Desde entonces fue quedando claro que las ciencias pueden concurrir a apoyar a los Estados en dos clases de procesos: la elaboración de políticas y la toma de decisiones. Para lo primero, las ciencias, en efecto, pueden aportar, con todo su rigor metodológico, a la construcción y evaluación de diversas opciones de política para solucionar determinados problemas públicos o incluso para elegirlos y priorizarlos.
Sin embargo, esta misma racionalidad no aplica en estricto para lo segundo, es decir, para la toma de decisiones. No es necesariamente el método científico el que puede explicar las opciones que finalmente adoptan los decisores en cualquier ámbito de la acción del Estado.
La razón no es difícil de comprender. Una decisión supone un sinnúmero de valoraciones técnicas, legales, administrativas, sociales, políticas y hasta personales sobre su impacto y sus consecuencias. No hay una lógica fría orientando el razonamiento de un decisor, menos aún cuando sus decisiones deben ser adoptadas con apremio y en medio de presiones de distintos sectores que la esperan con ansias o que la cuestionan con furor. Menos todavía si cada decisión está precedida de muchas otras, esperando turno con la misma urgencia. Menos incluso en un contexto de pandemia, que ha ensanchado la distancia entre pobres y no pobres, y que sigue amenazando nuestras vidas.

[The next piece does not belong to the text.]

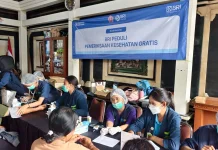 BRI Peduli Gelar Pemeriksaan Kesehatan Gratis dan Penanaman 100 Pohon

Estas diferencias explican en parte las difíciles relaciones entre el mundo de la investigación y el de la gestión de políticas públicas. El entendimiento mutuo se hace menos complejo a la hora de diseñar propuestas que a la hora de decidir su implementación. Y, sin embargo, destacados representantes de la academia han pasado por la experiencia de transitar del ámbito del análisis al de las decisiones y asumir las consecuencias. Ese fue el caso, por ejemplo, de Juan Carlos Tedesco, un destacadísimo y prolífico investigador de la UNESCO que llegó a ser ministro de educación en Argentina el 2007. Es el caso ahora de Ricardo Cuenca, hasta hace unos días director del Instituto de Estudios Peruano (IEP), un centro de investigación nacido en 1964 y que hoy lidera la lista de los Think Tanks o «tanques de ideas» con mayor influencia en el país.
«De repente me di cuenta de que ese pequeño guisante, bonito y azul, era la Tierra», dijo Neil Armstrong cuando pisó la Luna por primera vez y levantó la vista hacia el cielo. Para quien le resultaba natural encontrar la luna al levantar la vista cada noche, este cambio de perspectiva le cambió la vida.
Ahora le toca al ministro Cuenca mirar el mundo del conocimiento del que proviene desde la lejanía del poder, es decir, desde un mundo que se mueve no por el afán de comprender sino por el de mostrar resultados en los plazos más cortos. Su reto es hacer que ambas racionalidades dialoguen y se entiendan. Por ejemplo, para fortalecer la estrategia Aprendo en Casa, sacando el mejor provecho de las duras lecciones aprendidas en el 2020. Por ejemplo, para empujar la reforma de la educación superior tecnológica y universitaria más allá de los estándares de licenciamiento.
Si logra eso, además de las metas anunciadas sobre el retorno a clases, habrá hecho un aporte incalculable. Los cambios en la cultura institucional no son visibles para la platea, pero dejan huella y son condición de viabilidad de los cambios más sostenibles en educación.
Ahora, a remar fuerte ministro, que la corriente nunca juega a favor y en los próximos meses, tendrá que sortear cascadas, remolinos y uno que otro monstruo marino.